Optimizando al extremo mi build de juegos de rol de mesa en otro mundo

Vol. 9 Canto 1. Verano del Decimosexto Año Parte 3

 

Vivir en este mundo me hizo darme cuenta de lo difícil que debía ser cometer crímenes en el Japón moderno.

—¡Po-por favor! ¡Déjame ir!

Al fin y al cabo, en mi antiguo mundo había cámaras de seguridad por todas partes, la mayoría de los autos tenían cámaras incorporadas, y todos los medios de transporte de larga distancia contaban con medidas de seguridad. Tampoco podías subestimar a la policía: podían usar las cámaras de tiendas y casas para fijar la mirada en cualquier incauto incluso si no tenían imágenes de la escena en sí. El anonimato era lo que te mantenía con vida cuando la ley te buscaba, y en mi viejo mundo, ese era un recurso que se agotaba rápidamente para la mayoría.

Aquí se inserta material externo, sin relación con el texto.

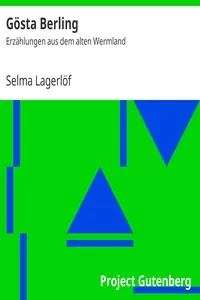 GÃ¶sta Berling: ErzÃ¤hlungen aus dem alten Wermland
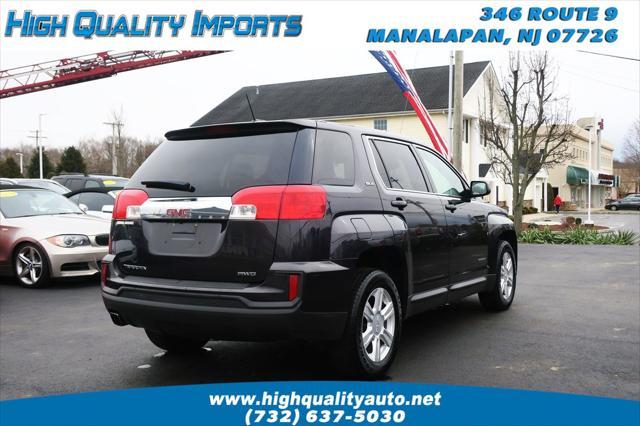 used 2016 GMC Terrain car, priced at $8,995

—¡Te-te lo ruego! ¡Su-suéltame! ¡Ya dije que lo siento, ¿sí?!

—Sí, sí; deja de moverte o harás que me equivoque.

Para escapar de algo allí, tenías que abrirte paso entre una red cada vez más densa de cámaras y algoritmos de reconocimiento facial. Eso hacía la vida más segura para quienes seguían el camino recto: casi nadie desaparecía sin más, y los criminales más descarados nunca pasaban desapercibidos.

Supuse que la forma más común de identificar a un criminal en el Imperio era mediante retratos para carteles de «se busca». Eran todo menos perfectos. La interpretación del artista y la memoria borrosa de los testigos hacían que el resultado final estuviera siempre a varios pasos de distancia del rostro real.

—¡Te lo suplico! ¡No me mates!

—No te voy a matar.

No podías confiar en tácticas de «empuje humano» para dar con un desconocido al azar; a menos que tu objetivo tuviera algún rasgo realmente distintivo, era muy difícil seguirle el rastro una vez que escapaba de tu jurisdicción local. Había casos en los que atraparon a idiotas que regresaron a sus pueblos por nostalgia o porque las cosas no les resultaron en tierras lejanas.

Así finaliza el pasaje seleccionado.